Work task
With the pictures left out, retype exactly the lines below starting at the line that contains "高砂の周りにキャンドルと花を置いて可愛くして頂きました。" and ending at the line that contains "صورة مصغرة 13 لـ 2016 Honda FIT EX".

The data
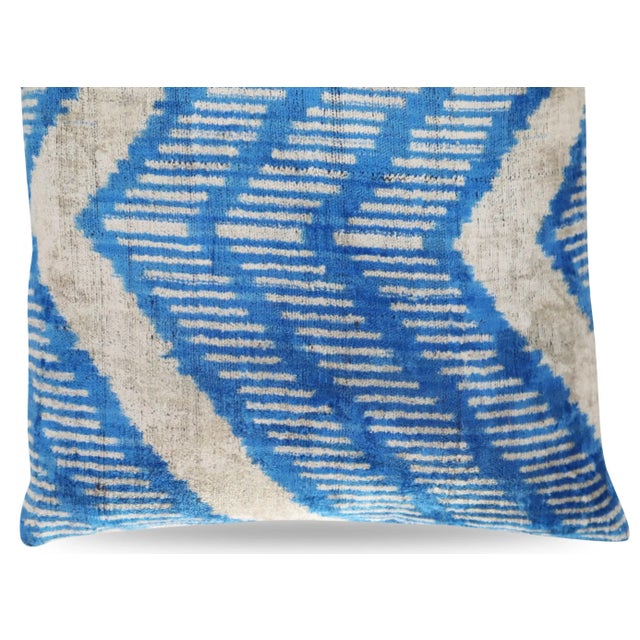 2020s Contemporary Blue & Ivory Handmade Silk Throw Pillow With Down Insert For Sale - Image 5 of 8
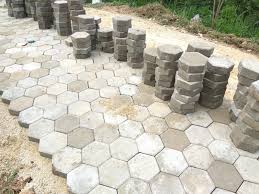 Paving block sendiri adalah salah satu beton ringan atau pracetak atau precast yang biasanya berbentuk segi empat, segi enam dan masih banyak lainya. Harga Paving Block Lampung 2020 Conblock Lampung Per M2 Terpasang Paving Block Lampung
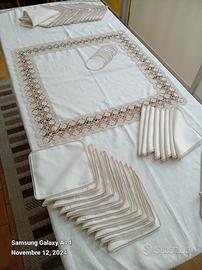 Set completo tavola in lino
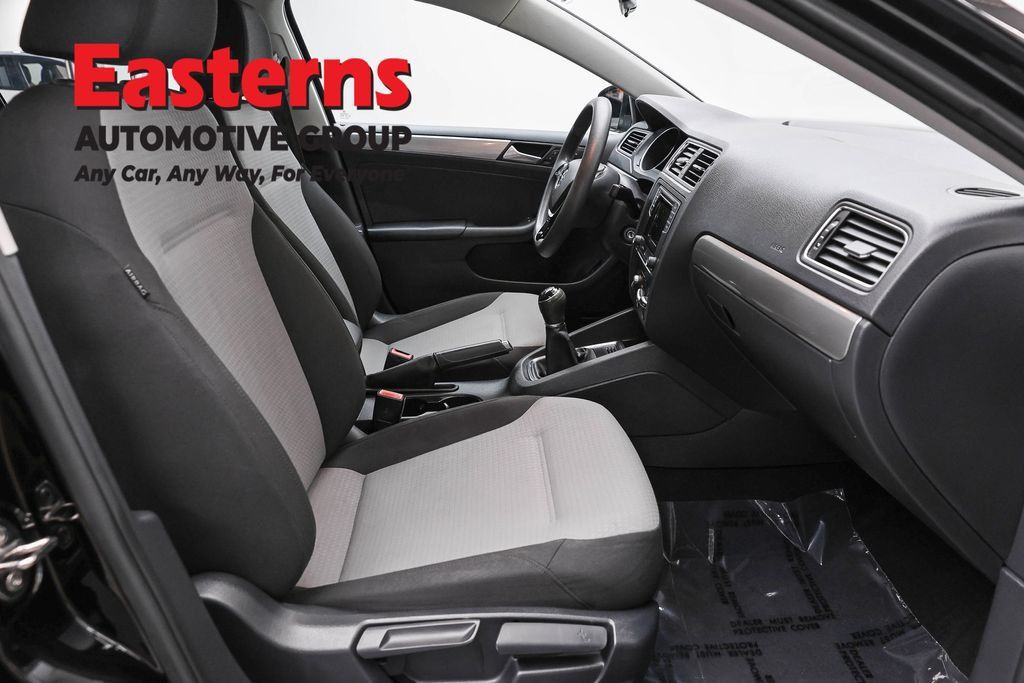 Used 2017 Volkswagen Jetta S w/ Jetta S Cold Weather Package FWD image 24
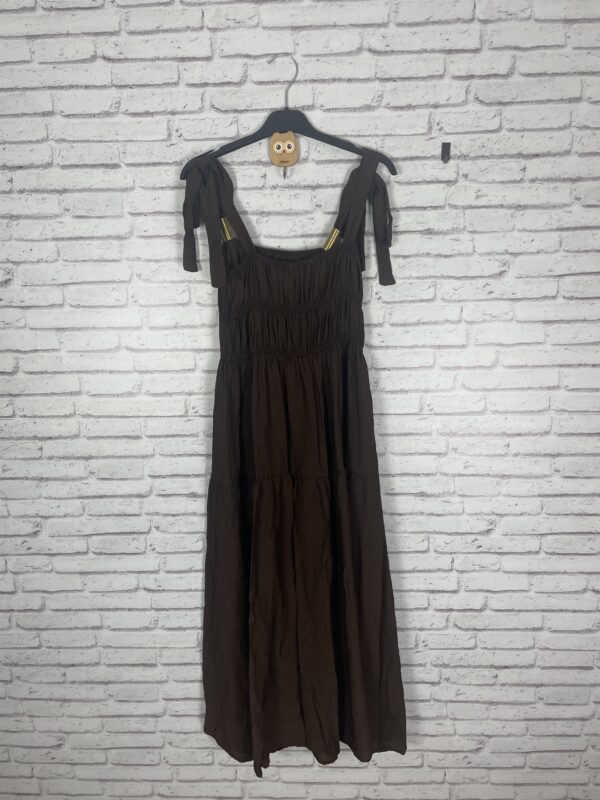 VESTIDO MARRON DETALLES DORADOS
...
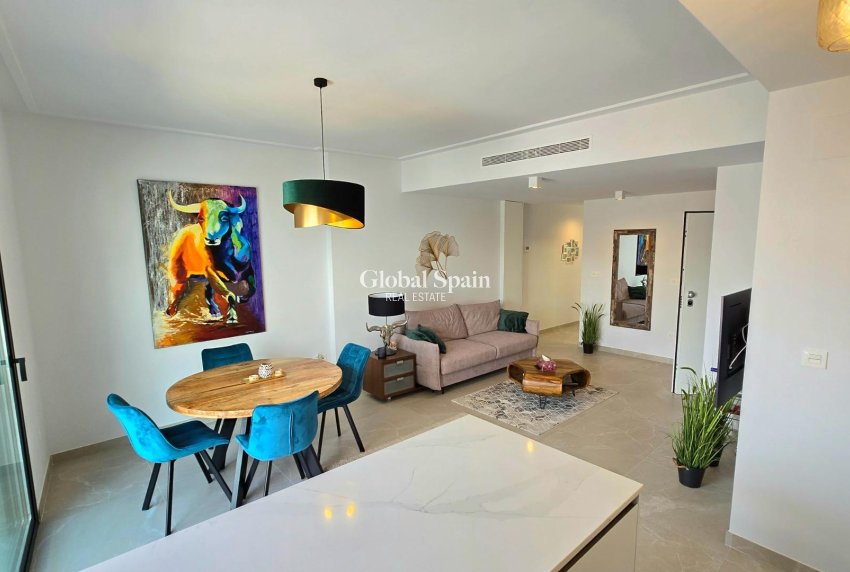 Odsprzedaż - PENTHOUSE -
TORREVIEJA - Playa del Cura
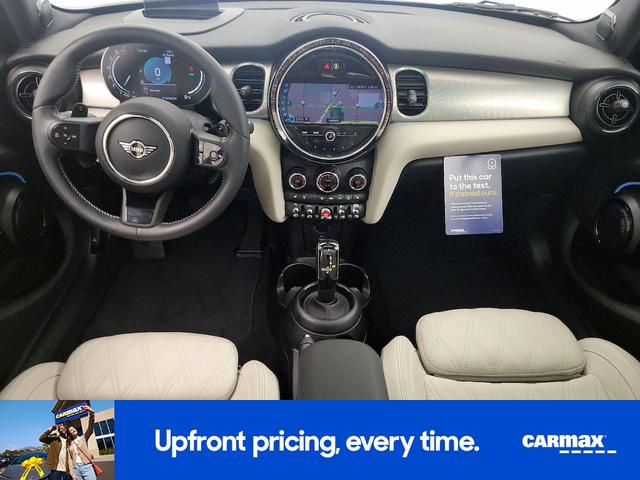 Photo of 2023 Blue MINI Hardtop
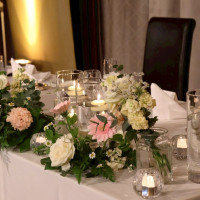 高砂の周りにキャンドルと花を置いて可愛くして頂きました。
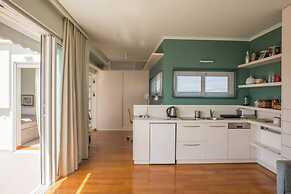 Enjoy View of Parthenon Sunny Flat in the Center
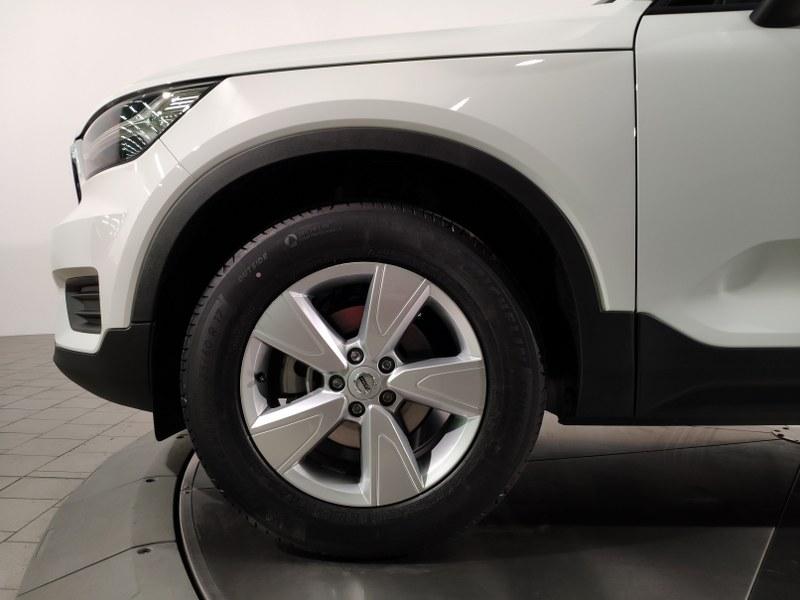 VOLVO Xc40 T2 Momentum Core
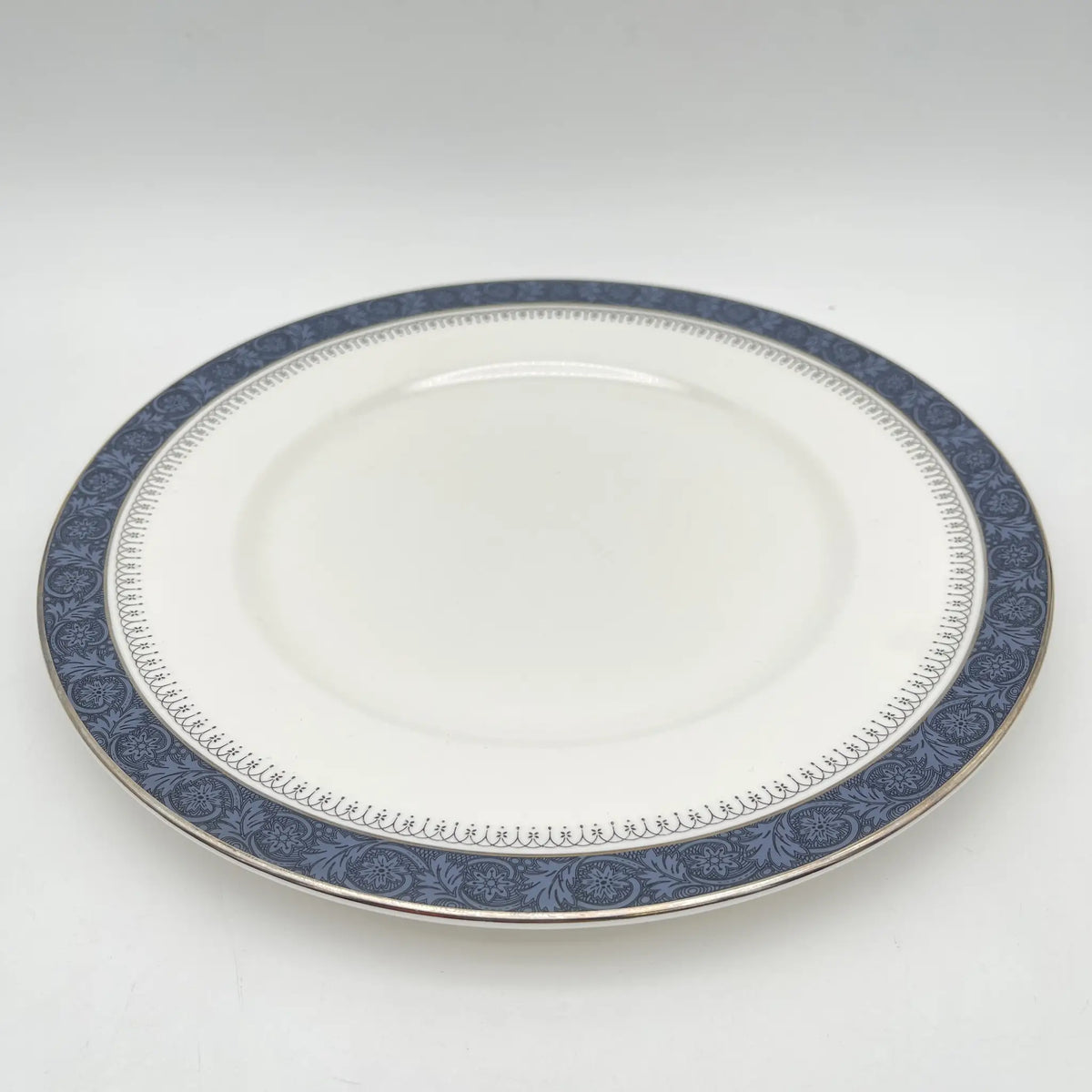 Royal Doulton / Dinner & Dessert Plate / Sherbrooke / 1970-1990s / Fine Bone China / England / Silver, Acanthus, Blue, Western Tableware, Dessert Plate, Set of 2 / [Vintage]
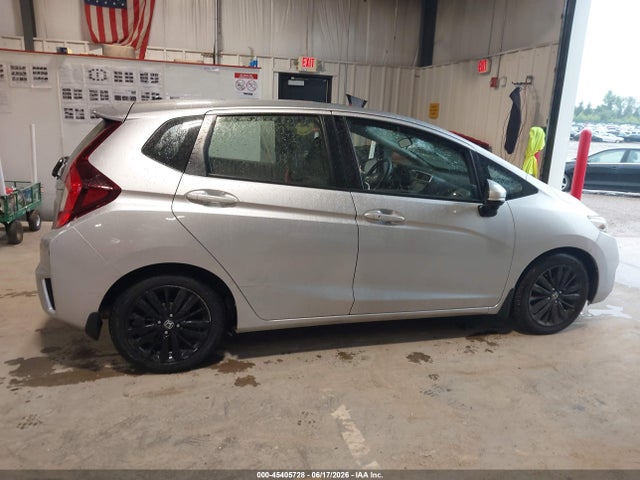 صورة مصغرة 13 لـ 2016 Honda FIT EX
...
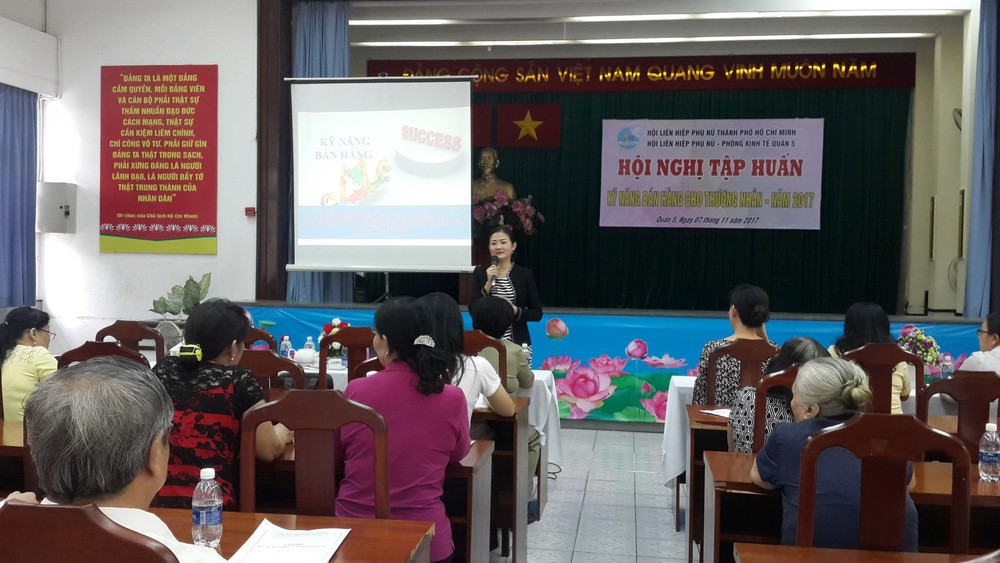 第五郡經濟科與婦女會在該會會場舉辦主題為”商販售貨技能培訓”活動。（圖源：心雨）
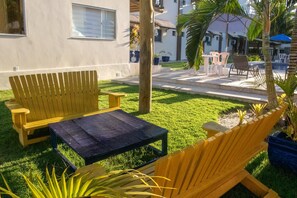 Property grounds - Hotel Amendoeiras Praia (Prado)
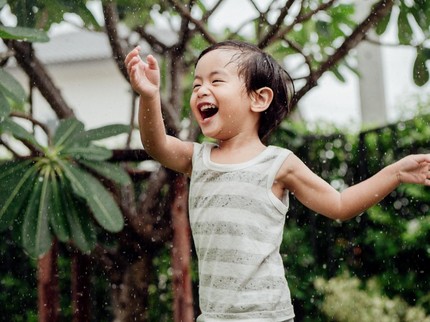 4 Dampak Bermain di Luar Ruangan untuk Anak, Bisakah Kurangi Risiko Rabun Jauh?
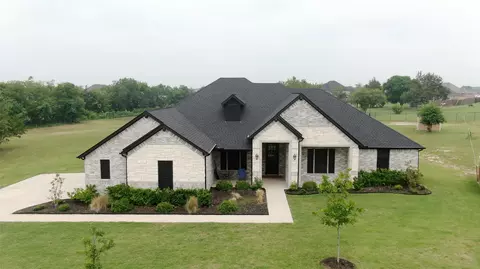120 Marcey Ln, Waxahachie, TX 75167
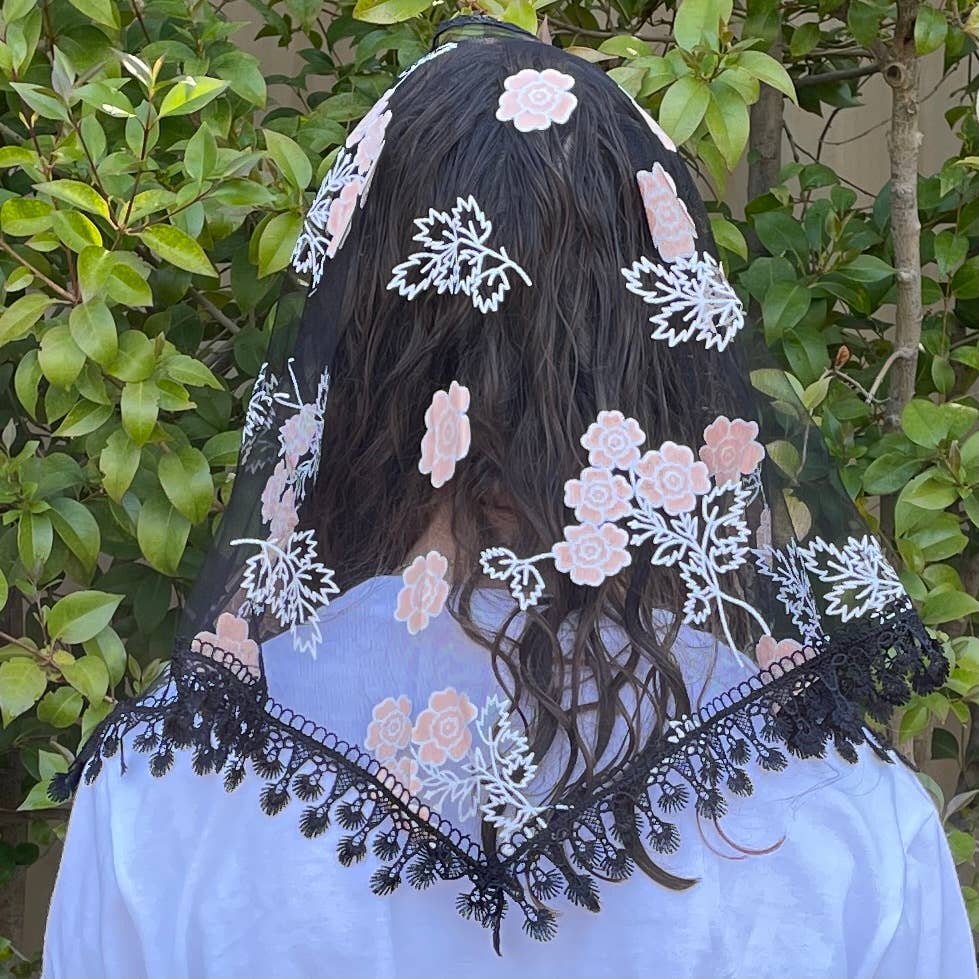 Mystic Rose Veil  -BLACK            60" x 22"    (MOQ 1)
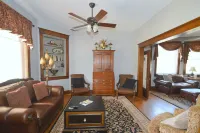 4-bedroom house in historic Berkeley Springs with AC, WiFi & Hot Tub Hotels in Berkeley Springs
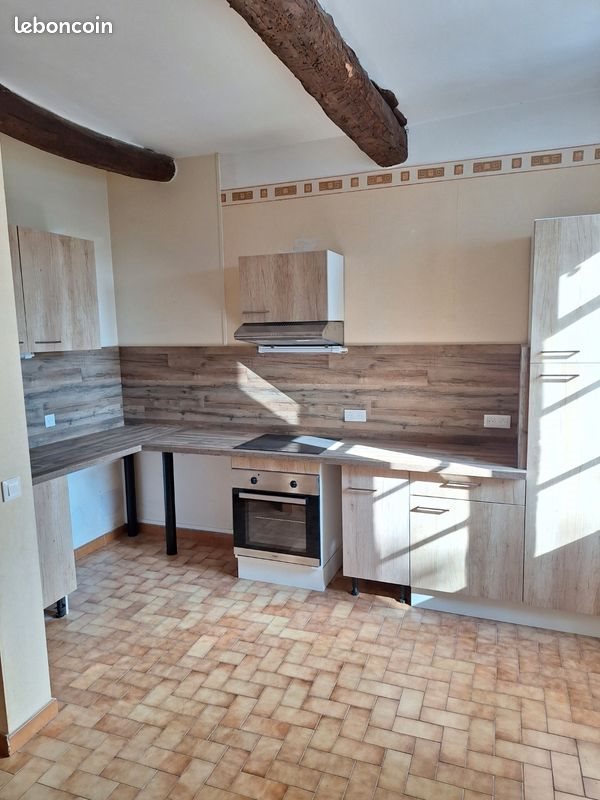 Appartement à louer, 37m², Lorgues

Task answer
 高砂の周りにキャンドルと花を置いて可愛くして頂きました。
 Enjoy View of Parthenon Sunny Flat in the Center
 VOLVO Xc40 T2 Momentum Core
 Royal Doulton / Dinner & Dessert Plate / Sherbrooke / 1970-1990s / Fine Bone China / England / Silver, Acanthus, Blue, Western Tableware, Dessert Plate, Set of 2 / [Vintage]
 صورة مصغرة 13 لـ 2016 Honda FIT EX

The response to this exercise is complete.